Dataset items
◆ ◆ ◆ ◆ ◆ ◆ ◆

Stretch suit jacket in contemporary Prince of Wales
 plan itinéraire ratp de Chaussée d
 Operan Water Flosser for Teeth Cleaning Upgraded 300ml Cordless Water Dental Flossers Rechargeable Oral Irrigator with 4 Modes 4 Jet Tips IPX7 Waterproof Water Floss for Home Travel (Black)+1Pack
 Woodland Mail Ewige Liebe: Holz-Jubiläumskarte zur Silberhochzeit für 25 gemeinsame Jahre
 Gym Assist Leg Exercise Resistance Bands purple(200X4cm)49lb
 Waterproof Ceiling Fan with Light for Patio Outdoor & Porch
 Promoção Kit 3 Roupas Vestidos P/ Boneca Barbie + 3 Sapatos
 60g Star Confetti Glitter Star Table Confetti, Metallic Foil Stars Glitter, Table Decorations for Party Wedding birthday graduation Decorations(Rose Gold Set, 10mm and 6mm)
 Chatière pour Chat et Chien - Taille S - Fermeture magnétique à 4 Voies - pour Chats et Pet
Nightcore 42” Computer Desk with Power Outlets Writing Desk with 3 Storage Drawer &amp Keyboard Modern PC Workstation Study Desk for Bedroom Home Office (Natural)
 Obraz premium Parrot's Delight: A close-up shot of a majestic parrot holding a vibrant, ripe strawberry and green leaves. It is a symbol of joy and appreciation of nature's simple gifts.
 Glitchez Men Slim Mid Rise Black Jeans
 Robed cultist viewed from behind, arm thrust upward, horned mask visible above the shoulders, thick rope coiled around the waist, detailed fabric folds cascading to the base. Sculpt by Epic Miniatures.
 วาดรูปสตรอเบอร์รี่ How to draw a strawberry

◆ ◆ ◆ ◆ ◆ ◆ ◆

**Exercise:**
The entries above hold a line with "Obraz premium Parrot's" and a later line with "Robed cultist viewed". Write out exactly those lines and all lines between, nothing more.

**Task output:**
 Obraz premium Parrot's Delight: A close-up shot of a majestic parrot holding a vibrant, ripe strawberry and green leaves. It is a symbol of joy and appreciation of nature's simple gifts.
 Glitchez Men Slim Mid Rise Black Jeans
 Robed cultist viewed from behind, arm thrust upward, horned mask visible above the shoulders, thick rope coiled around the waist, detailed fabric folds cascading to the base. Sculpt by Epic Miniatures.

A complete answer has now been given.